June 22 2016
Paola Miyazato, Hiroo Katsuya, Asami Fukuda, Yoshikazu Uchiyama, Misaki Matsuo, Michiyo Tokunaga, Shinjiro Hino, Mitsuyoshi Nakao & Yorifumi Satou*
Application of targeted enrichment to next-generation sequencing of retroviruses integrated into the host human genome (* corresponding author)
Scientific Reports 6, Article number: 28324 (2016) doi:10.1038/srep28324
*Proviruses, integrated forms of retroviruses, are currently the focus of attention due to the difficulty encountered in their eradication from infected people.
*We report a novel probe-based hybridization capture method that facilitates the analysis of integrated proviruses, with high through-put depth.
*The method versatile enough to be applied to the analysis of DNA and RNA sequences and its flexibility tolerates a certain degree of genetic variations in the analyzed sequences.

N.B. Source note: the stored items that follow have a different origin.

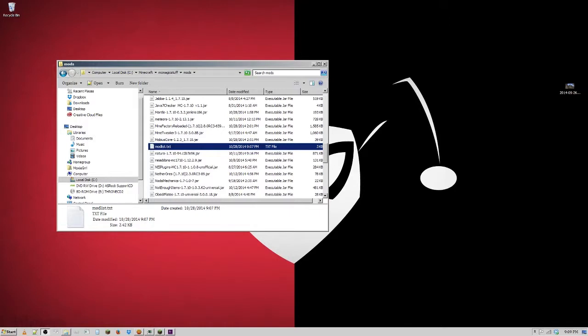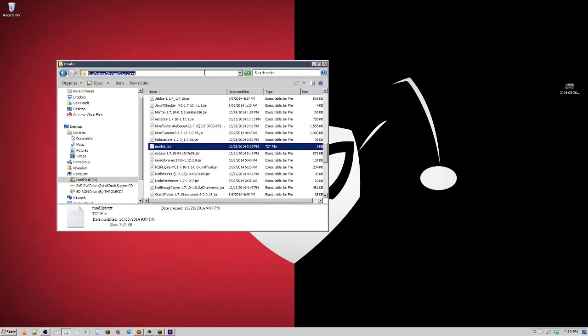People have trouble giving us a mod list that is actually useful. We need the version numbers in order to make sure that we're giving you the right help.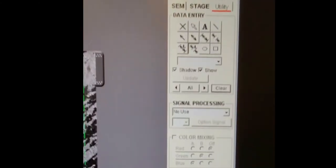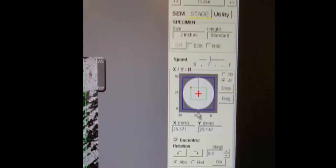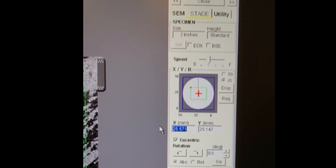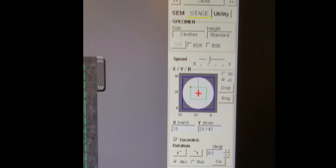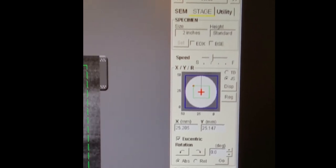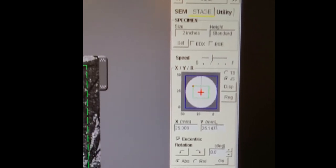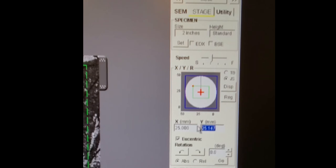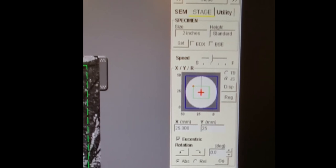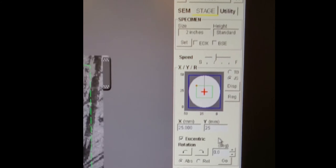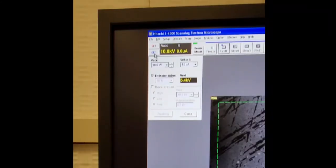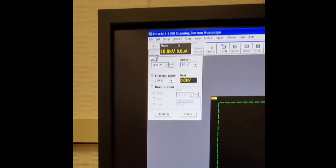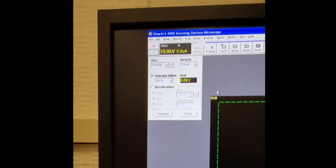So for unloading the sample, we need to make sure the stage is back at its center position. So highlight, physically type 25, press enter and wait for the stage to move. Now it's done, we will move to Y and do the same thing. It is critical that the stage is at the center position X, Y and Z. You can turn off the high voltage in the top left corner.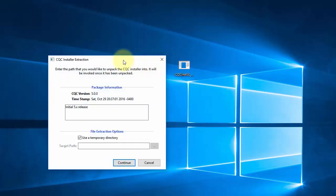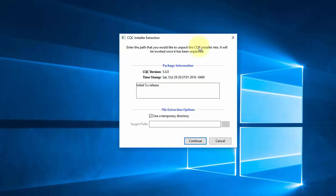It is bootstrapping itself up here. Once that is complete, you will get the actual extraction tool. At the top we get some information about the version in this package — it is the 5.0 version — and we get some notes. At the bottom we get extraction options, which in our case we will just let it use a temporary directory, and it's going to extract the actual installer and run it for us.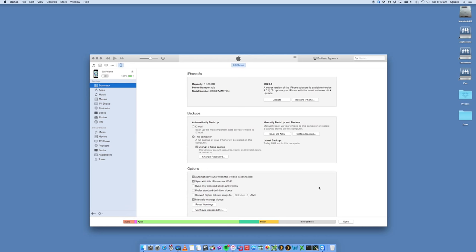And then all you have to do is click on sync. You can also click on backup now. But you want to make sure that automatically backup is set to this computer and not iCloud. Because if you're using iCloud, then this step will be different in terms of restoring to your new 6s. So in my case, I had it on this computer.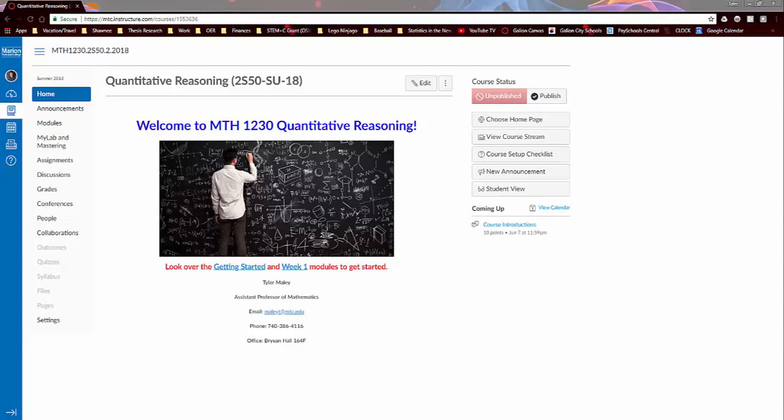Hi guys, this is Tyler Maley, assistant professor of mathematics at Marion Tech and I'm your instructor for this course. So this is a video that I like to make at the beginning of the term I call a syllabus video, just going over some things like we would on day one in an on-campus class to help get you started on the right foot.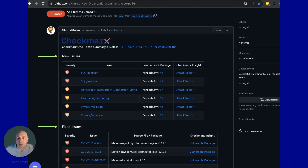Links within the PR will take you directly to remediation advice and links within the source control repository.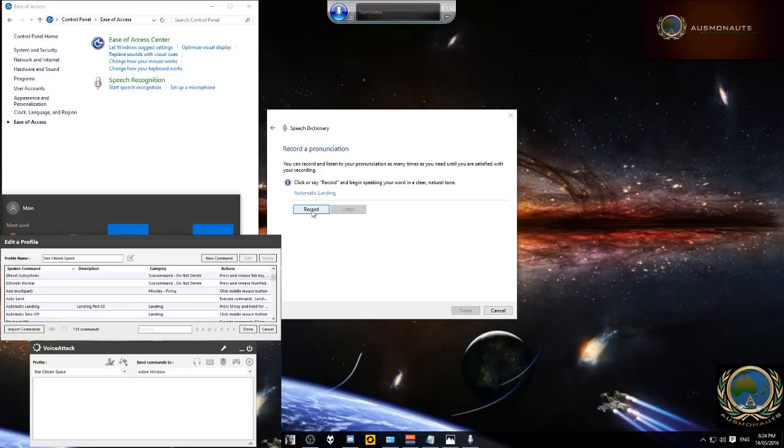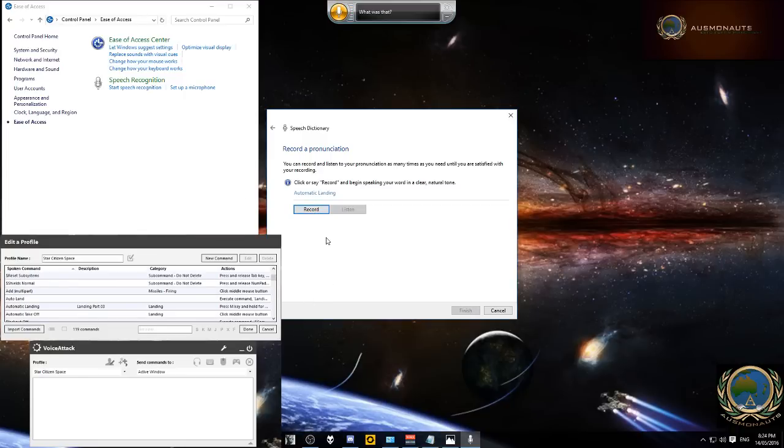So now we can either record it. We're going to either click record or you can say record.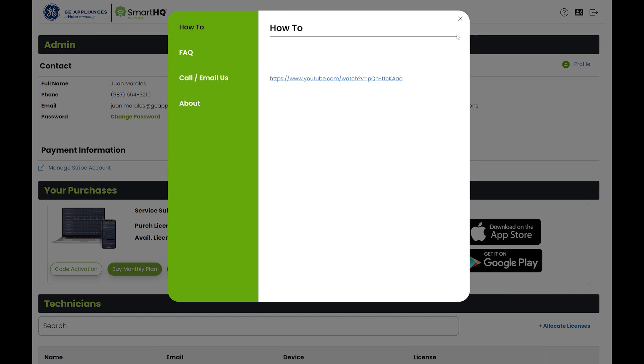Click the help button to view frequently asked questions and our contact information.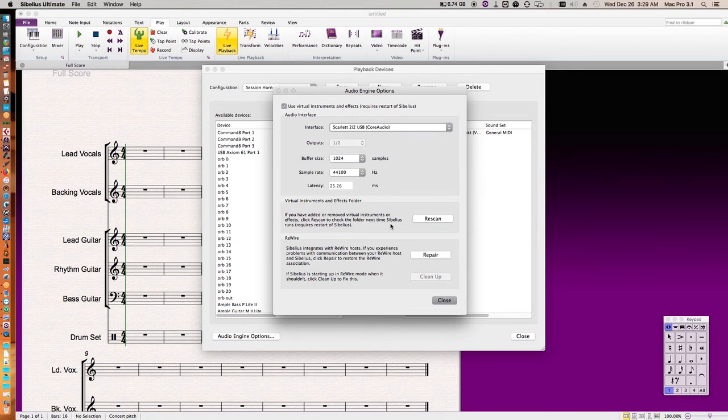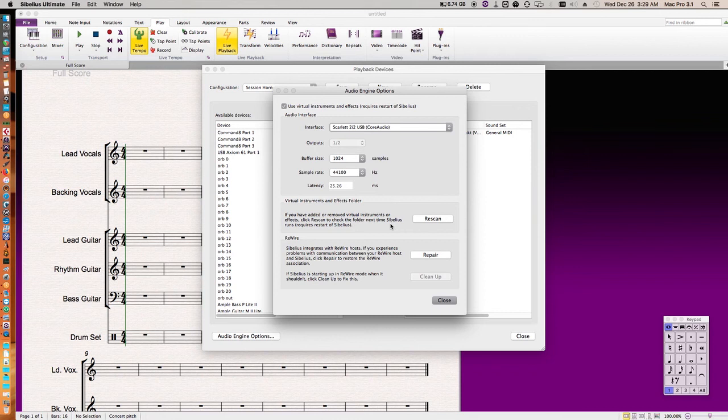More importantly, though, if you're using Sibelius within your DAW and it's not connecting as a rewire, here you want to hit the repair for the rewire so it'll work in your rewire host.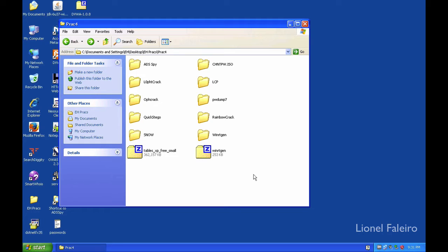ADSpy, CHNTPW, LoftCrack, LCP, OphCrack, Password Dump, Quickstego, RainbowCrack, Snowen, and WinArtigen. One requirement for this practical is that your machine account should have a password set upon it.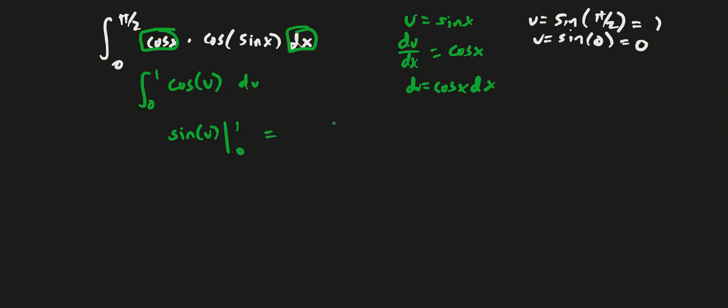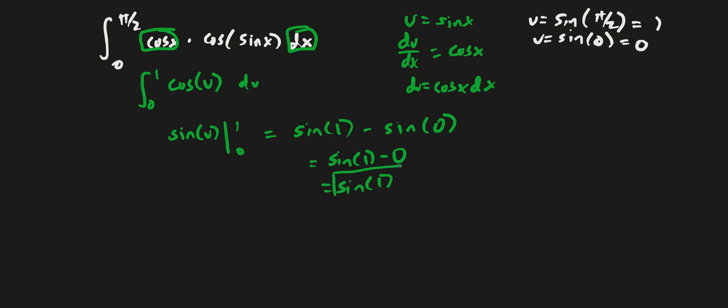So this is going to be equal to sine of u minus sine of 0. Sine of 0 is just 0, we know that. So sine of 1 minus 0 is equal to sine of 1. Sine of 1 is going to give us some decimals, so we can always leave it like this. This is our answer.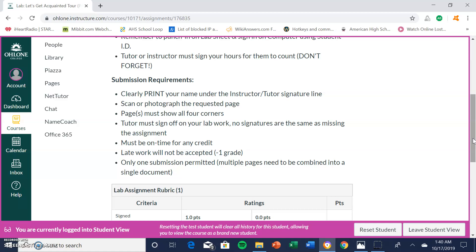If you are submitting more than one page, which you will have to do for certain lab activities, you must submit all pages as a single document, which can be either a Word document, a PDF document, or a Google document. I am going to show you how to do that right now in this tutorial video.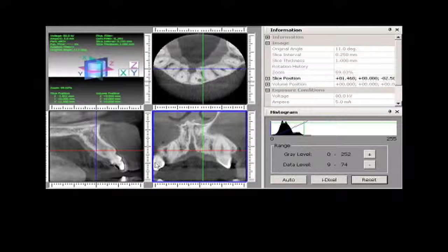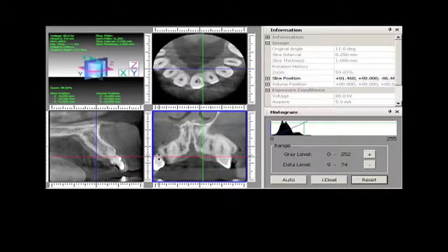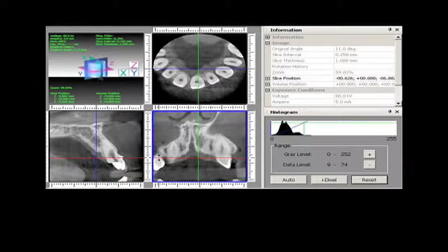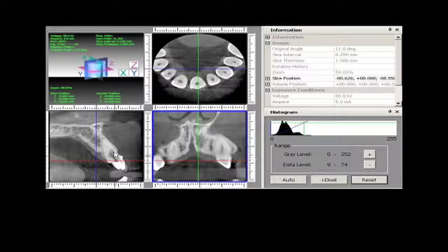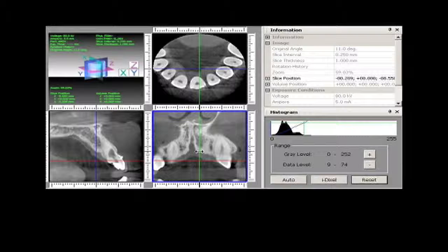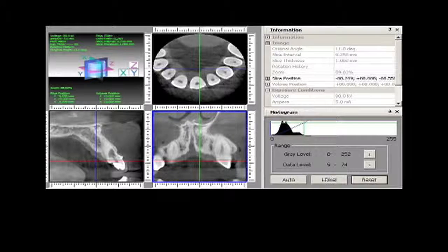Please note the external resorption in the left maxillary incisor when scanning in the coronal-apical plane. To gain buccolingual images, guide the horizontal green bar through the body of the tooth and view the images generated in the lower left box. The mesiodistal scan of the left central incisor clearly confirms and more accurately demonstrates the extent of external root resorption present.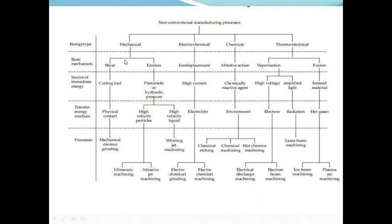The basic mechanism involved for each energy type is: for mechanical methods — shear or erosion; for electrochemical — ion displacement; for chemical — abrasive action; for thermal and electrical — vaporization and fusion. The third criterion is the source of intermediate energy: for mechanical — cutting tool, pneumatic or hydraulic pressure; for electrochemical — high current; for chemical — chemical reactive agent; for thermoelectrical — high voltage or amplified light for vaporization, and ionized material for fusion.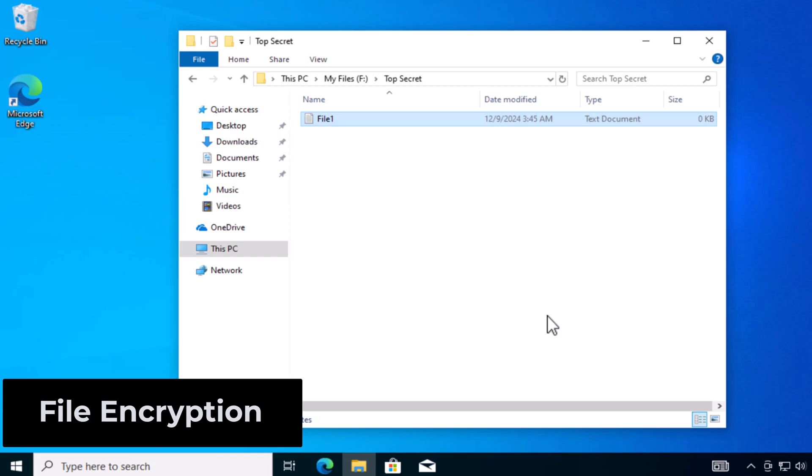So anything that's put into this folder after I encrypt that first file is automatically encrypted. If there are existing files in that folder, it will not retroactively encrypt them. You will have to cut them out and paste them back in.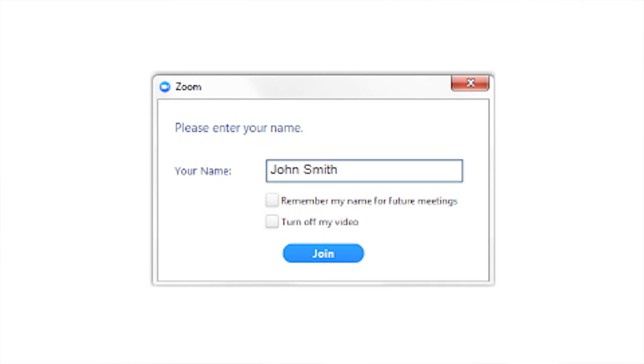If you have a future telehealth appointment with your provider, you will not need to download Zoom again. When it is time for your next appointment, you can click the link provided by your care team and start at the step where you enter your name.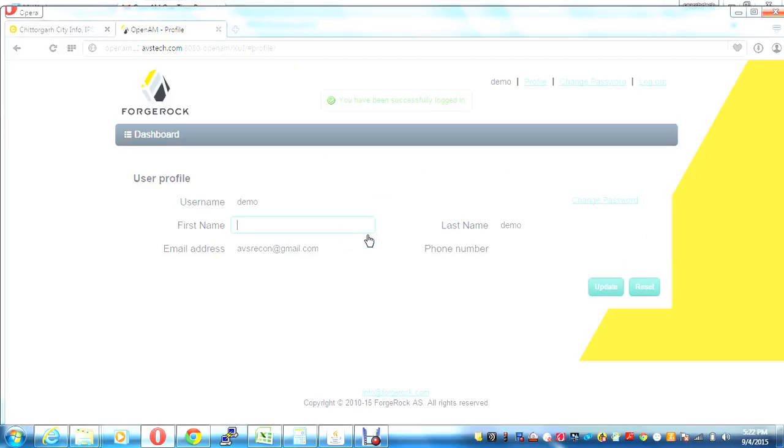And I get logged in. So this was a quick demonstration of OpenAM with one-time password authentication.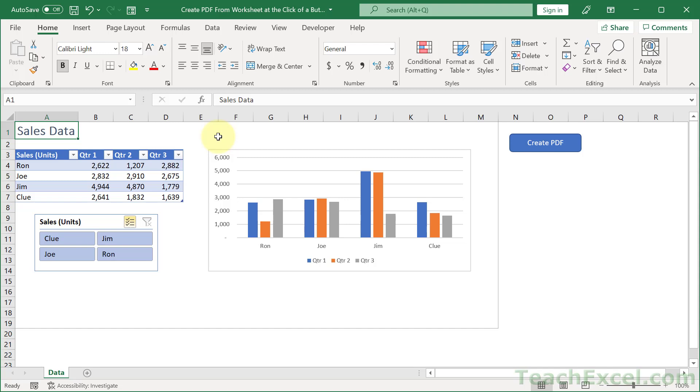Here I'm going to show you how to create a PDF with the click of a button from any worksheet in Excel, and this is going to streamline your workflow in the worksheet.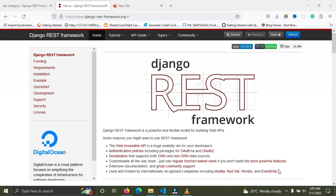Welcome back. In this video I'm going to show you how to use the generic views in the Django REST framework. These are a kind of advanced form of the class-based views I showed you in the last video. They make things easier — they make you write less code and achieve more.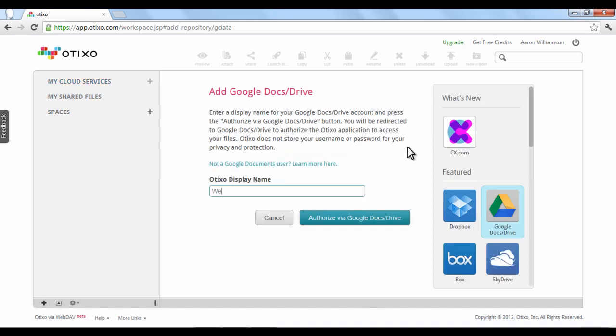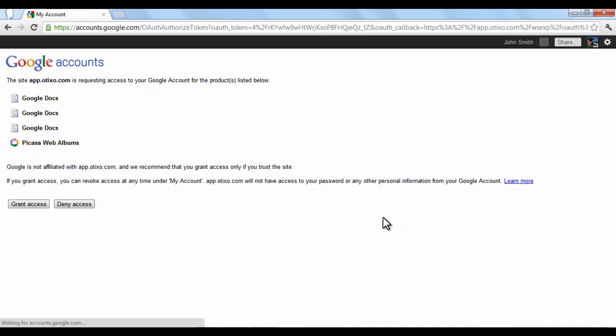Next, choose the title you want for the account when it uploads and click Authorize. Then click Grant Access.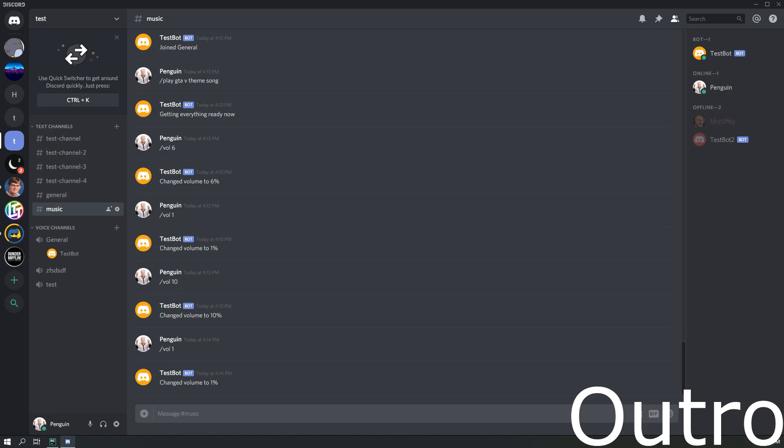That's it for today. Code for all of these will be in the description. If you need any help or want to join the Discord server, there's a link in the description. See you guys in the next video.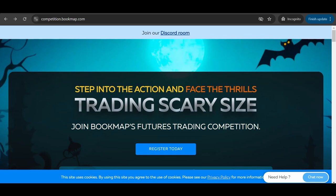In this video, we'll quickly cover the registration to the Futures Trading Competition and updating the platform to the latest version.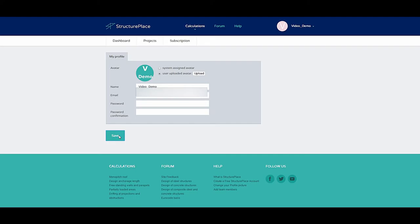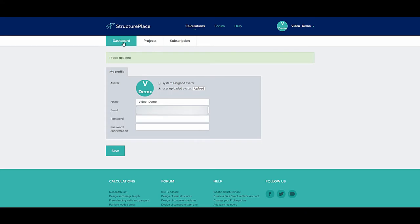From the dashboard page, you can access your profile settings by clicking next to your username in the upper right corner of this page.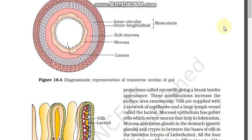The mucosa forms glands in the stomach called gastric glands. A diagram shows the layers of the large intestine wall: lumen, mucosa, submucosa, inner circular muscularis, outer longitudinal muscularis, and serosa, along with the villi.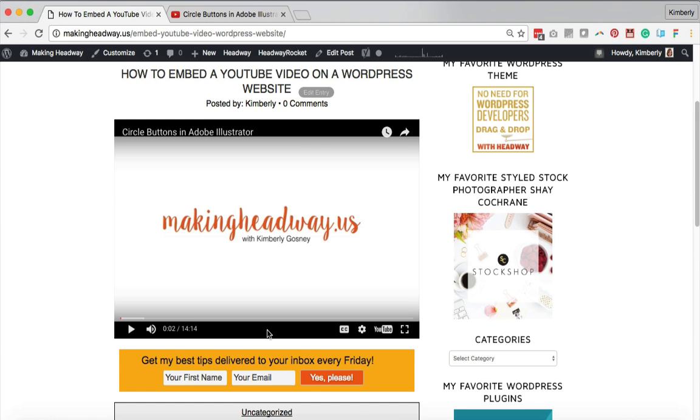So if you liked this video today, hop back onto my YouTube channel. You can subscribe. I'm doing a video every single day Monday through Friday. So this is going to be super fun or you can visit me at makingheadway.us to see my latest tutorials. Thanks and have a great day. Bye!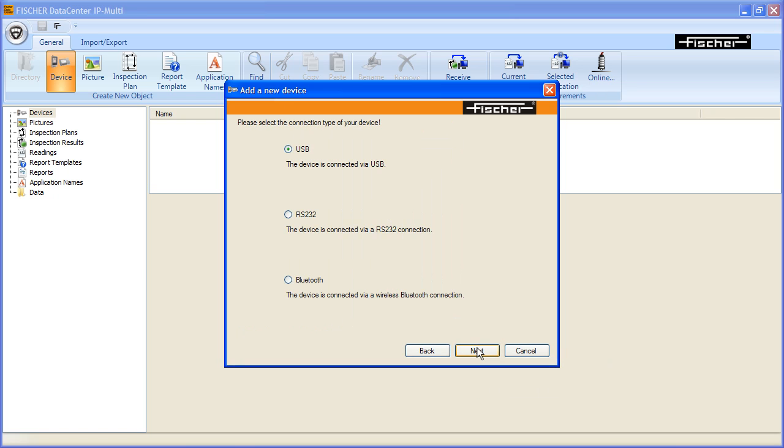A selection window appears. There you can select the type of connection between the device and the computer. Select the type of connection and click Next.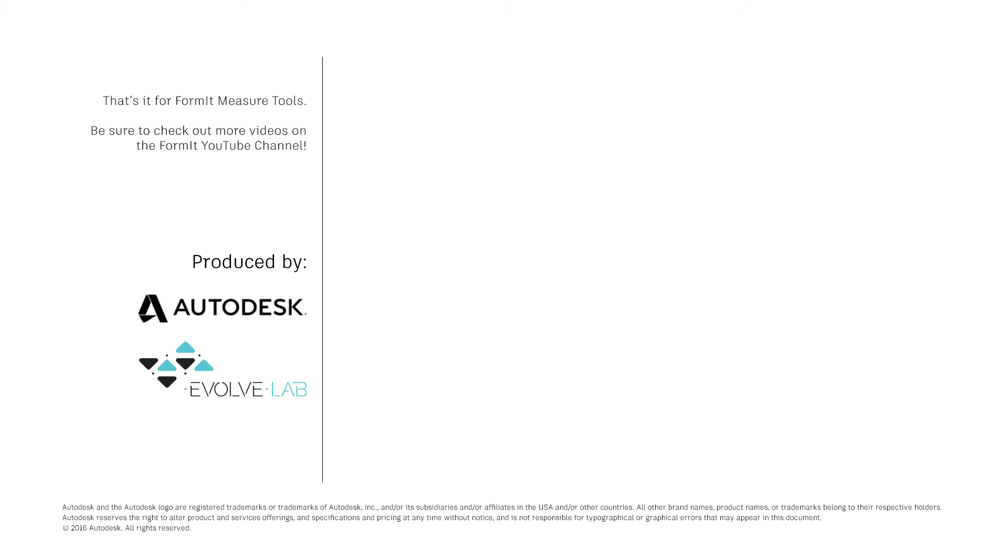And that's it for Formant measure tools. Be sure to check out more videos on the Formant YouTube channel.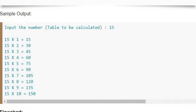Program in C to display multiplication table of any given number up to 10 terms. Look at this program. Input is 15 and 15 into 1 is 15 and so on up to 10 terms. So write a C program to print a multiplication table of a given number up to 10 terms.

The recent development and advancement of next-generation sequencing (NGS) technologies have enabled the characterization of the human genome at extremely high resolution. In the retrovirology field, NGS technologies have been applied to integration-site analysis and deep sequencing of viral genomes in combination with PCR amplification using virus-specific primers. Nevertheless, viral sequences are poorly detected, because proviral DNA is very scarce compared to the human genomic DNA. Here, we have developed and evaluated the use of biotinylated DNA probes for the capture of viral genetic fragments from a library prepared for NGS. Our results demonstrated that viral sequence detection was hundreds or thousands of times more sensitive after enrichment, enabling us to reduce the economic burden that arises when attempting to analyze the epigenetic landscape of proviruses by NGS. Taken together, we propose that this approach is a powerful tool to clarify the mechanisms of transcriptional and epigenetic regulation of retroviral proviruses that have, until now, remained elusive.